R Literals are immediately embedded as literals into the program.
Currently, constants with the same value (that refer to different AnvilTensors) are not deduplicated, which we might change in the future.

Nested Inputs and Outputs

TODO

Design Decisions

Literal handling

It is appealing to support the conversion of R literals (1L, 1.0 TRUE, etc.) to AnvilTensors when calling into jit-ted functions, i.e. allow the following:

jit(nv_add, static = character())(1, 2)

In jit(), we could in principle do this, because we know which arguments are static and which are expected to be AnvilTensors. However, in gradient(), we don’t know which arguments are static and which are not. For example, we can’t make the following work:

jit(\() {
  gradient(nv_add)(1, 2)
})

This would be somewhat inconsistent and hard to to reason about. Furthermore, auto-converting literals passed as non-static arguments to jit-ted functions would also entail various suble differences between debug-mode and jit-mode, as the former has no top-level hook for this conversion.
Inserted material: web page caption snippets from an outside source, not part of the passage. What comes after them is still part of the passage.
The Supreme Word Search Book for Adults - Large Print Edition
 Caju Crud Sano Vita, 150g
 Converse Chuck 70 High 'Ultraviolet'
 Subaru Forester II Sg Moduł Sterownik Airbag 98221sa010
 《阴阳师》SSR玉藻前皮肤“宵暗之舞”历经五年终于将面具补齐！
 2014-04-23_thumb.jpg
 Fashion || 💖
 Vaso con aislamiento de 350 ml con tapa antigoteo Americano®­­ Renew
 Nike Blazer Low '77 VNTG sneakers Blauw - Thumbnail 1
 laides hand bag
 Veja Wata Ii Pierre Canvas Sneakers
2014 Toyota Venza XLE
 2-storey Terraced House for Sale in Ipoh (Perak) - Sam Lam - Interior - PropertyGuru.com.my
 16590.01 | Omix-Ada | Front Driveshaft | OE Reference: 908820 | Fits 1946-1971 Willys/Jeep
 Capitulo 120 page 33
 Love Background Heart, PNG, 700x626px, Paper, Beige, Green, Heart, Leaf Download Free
Finally, requiring the user to think about the input data types should also be advantageous; we want to prioritize clarity over minor convenience. Note that for primitive calls like nv_tensor(1)^2 we do auto-convert literals, because we know which arguments are expected to be AnvilTensors and otherwise code just becomes much harder to read.